An interesting additional requirement for data science production processes is the need to continuously monitor model performance—because reality tends to change! Change detection is crucial for data science processes. We need to put mechanisms in place that recognize when the performance of our production process deteriorates. Then we either automatically retrain and redeploy the models or alert our data science team to the issue so they can create a new data science process, triggering the data science CI/CD process anew.
So while monitoring software applications tends not to result in automatic code changes and redeployment, these are very typical requirements in data science. How this automatic integration and deployment involves (parts of) the original validation and testing setup depends on the complexity of those automatic changes. In data science, both testing and monitoring are much more integral components of the process itself. We focus less on testing our creation process (although we do want to archive/version the path to our solution), and we focus more on continuously testing the production process. Test cases here are also “input-result” pairs but more likely consist of data points than test cases.
This difference in monitoring also affects the validation before deployment. In software deployment, we make sure our application passes its tests. For a data science production process, we may need to test to ensure that standard data points are still predicted to belong to the same class (e.g., “good” customers continue to receive a high credit ranking) and that known anomalies are still caught (e.g., known product faults continue to be classified as “faulty”). We also may want to ensure that our data science process still refuses to process totally absurd patterns (the infamous “male and pregnant” patient). In short, we want to ensure that test cases that refer to typical or abnormal data points or simple outliers continue to be treated as expected.
MLOps, ModelOps, and XOps
How does all of this relate to MLOps, ModelOps, or XOps (as Gartner calls the combination of DataOps, ModelOps, and DevOps)? People referring to those terms often ignore two key facts: First, that data preprocessing is part of the production process (and not just a “model” that is put into production), and second, that model monitoring in the production environment is often only static and non-reactive.

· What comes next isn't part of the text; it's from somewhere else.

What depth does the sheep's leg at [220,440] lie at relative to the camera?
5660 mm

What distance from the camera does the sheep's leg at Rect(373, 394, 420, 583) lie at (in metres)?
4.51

Right now, many data science stacks address only parts of the data science life cycle. Not only must other parts be done manually, but in many cases gaps between technologies require a re-coding, so the fully automatic extraction of the production data science process is all but impossible. Until people realize that truly productionizing data science is more than throwing a nicely packaged model over the wall, we will continue to see failures whenever organizations try to reliably make data science an integral part of their operations.
Data science processes still have a long way to go, but CI/CD offers quite a few lessons that can be built upon. However, there are two fundamental differences between CI/CD for data science and CI/CD for software development. First, the “data science production process” that is automatically created during integration is different from what has been created by the data science team. And second, monitoring in production may result in automatic updating and redeployment. That is, it is possible that the deployment cycle is triggered automatically by the monitoring process that checks the data science process in production, and only when that monitoring detects grave changes do we go back to the trenches and restart the entire process.